**Data for processing:**
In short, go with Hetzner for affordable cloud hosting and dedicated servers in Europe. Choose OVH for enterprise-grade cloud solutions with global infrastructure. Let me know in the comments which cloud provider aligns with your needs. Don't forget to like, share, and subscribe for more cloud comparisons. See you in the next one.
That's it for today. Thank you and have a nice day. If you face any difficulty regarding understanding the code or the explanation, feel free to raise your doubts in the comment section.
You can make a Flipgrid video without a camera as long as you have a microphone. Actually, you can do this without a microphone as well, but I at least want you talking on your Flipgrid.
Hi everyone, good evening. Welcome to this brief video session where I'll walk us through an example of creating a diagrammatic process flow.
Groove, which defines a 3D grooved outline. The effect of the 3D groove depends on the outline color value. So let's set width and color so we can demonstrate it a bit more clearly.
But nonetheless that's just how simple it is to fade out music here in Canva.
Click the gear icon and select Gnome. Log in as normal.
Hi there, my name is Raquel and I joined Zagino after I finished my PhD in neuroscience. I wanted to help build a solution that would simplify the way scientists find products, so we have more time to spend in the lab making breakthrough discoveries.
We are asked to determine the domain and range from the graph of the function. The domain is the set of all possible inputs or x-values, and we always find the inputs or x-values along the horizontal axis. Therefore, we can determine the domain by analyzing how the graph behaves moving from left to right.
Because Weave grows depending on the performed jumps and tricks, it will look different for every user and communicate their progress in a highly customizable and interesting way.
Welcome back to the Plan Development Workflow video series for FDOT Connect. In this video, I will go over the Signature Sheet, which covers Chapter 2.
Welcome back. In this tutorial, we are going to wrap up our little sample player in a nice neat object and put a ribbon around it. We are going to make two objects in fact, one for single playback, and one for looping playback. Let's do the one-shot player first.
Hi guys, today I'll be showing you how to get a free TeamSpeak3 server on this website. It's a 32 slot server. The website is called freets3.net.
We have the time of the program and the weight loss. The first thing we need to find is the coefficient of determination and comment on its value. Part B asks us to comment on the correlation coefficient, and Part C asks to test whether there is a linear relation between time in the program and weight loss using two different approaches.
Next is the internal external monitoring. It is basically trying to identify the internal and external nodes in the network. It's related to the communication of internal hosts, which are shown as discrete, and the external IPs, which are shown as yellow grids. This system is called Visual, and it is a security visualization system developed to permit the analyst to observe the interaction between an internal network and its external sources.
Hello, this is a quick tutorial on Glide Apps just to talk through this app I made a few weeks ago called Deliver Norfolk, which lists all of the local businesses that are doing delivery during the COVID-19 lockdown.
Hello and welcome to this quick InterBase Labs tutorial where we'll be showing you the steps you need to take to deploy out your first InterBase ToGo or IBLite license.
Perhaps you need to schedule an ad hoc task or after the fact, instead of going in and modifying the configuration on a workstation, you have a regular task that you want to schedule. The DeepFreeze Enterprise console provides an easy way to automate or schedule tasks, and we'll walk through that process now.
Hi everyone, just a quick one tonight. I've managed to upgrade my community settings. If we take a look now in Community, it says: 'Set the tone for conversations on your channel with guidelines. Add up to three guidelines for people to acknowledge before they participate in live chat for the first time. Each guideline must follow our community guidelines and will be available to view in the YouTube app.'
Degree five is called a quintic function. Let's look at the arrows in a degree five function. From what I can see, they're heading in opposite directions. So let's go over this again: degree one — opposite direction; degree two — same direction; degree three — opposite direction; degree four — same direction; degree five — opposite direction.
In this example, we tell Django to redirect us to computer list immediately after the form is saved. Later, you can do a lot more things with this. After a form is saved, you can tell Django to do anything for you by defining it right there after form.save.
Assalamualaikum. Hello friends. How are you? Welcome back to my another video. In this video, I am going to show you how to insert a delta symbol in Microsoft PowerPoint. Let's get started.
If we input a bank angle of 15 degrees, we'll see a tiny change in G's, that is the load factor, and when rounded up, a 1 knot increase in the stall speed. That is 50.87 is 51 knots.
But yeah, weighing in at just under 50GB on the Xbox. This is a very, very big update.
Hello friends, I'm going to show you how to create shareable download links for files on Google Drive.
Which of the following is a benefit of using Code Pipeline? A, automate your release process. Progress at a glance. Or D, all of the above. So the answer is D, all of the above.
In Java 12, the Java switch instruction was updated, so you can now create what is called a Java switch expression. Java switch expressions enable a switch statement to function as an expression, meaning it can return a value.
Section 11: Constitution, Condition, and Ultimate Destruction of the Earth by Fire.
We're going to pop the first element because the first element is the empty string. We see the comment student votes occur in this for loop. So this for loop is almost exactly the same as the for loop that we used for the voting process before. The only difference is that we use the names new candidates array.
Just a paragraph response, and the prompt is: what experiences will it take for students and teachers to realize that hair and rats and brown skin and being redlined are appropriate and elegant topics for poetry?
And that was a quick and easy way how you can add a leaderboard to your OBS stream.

**Required work:** The first line of the entries above and every line after it, up to and including the line with "Welcome back to the", should be set down exactly.

**Response area:**
In short, go with Hetzner for affordable cloud hosting and dedicated servers in Europe. Choose OVH for enterprise-grade cloud solutions with global infrastructure. Let me know in the comments which cloud provider aligns with your needs. Don't forget to like, share, and subscribe for more cloud comparisons. See you in the next one.
That's it for today. Thank you and have a nice day. If you face any difficulty regarding understanding the code or the explanation, feel free to raise your doubts in the comment section.
You can make a Flipgrid video without a camera as long as you have a microphone. Actually, you can do this without a microphone as well, but I at least want you talking on your Flipgrid.
Hi everyone, good evening. Welcome to this brief video session where I'll walk us through an example of creating a diagrammatic process flow.
Groove, which defines a 3D grooved outline. The effect of the 3D groove depends on the outline color value. So let's set width and color so we can demonstrate it a bit more clearly.
But nonetheless that's just how simple it is to fade out music here in Canva.
Click the gear icon and select Gnome. Log in as normal.
Hi there, my name is Raquel and I joined Zagino after I finished my PhD in neuroscience. I wanted to help build a solution that would simplify the way scientists find products, so we have more time to spend in the lab making breakthrough discoveries.
We are asked to determine the domain and range from the graph of the function. The domain is the set of all possible inputs or x-values, and we always find the inputs or x-values along the horizontal axis. Therefore, we can determine the domain by analyzing how the graph behaves moving from left to right.
Because Weave grows depending on the performed jumps and tricks, it will look different for every user and communicate their progress in a highly customizable and interesting way.
Welcome back to the Plan Development Workflow video series for FDOT Connect. In this video, I will go over the Signature Sheet, which covers Chapter 2.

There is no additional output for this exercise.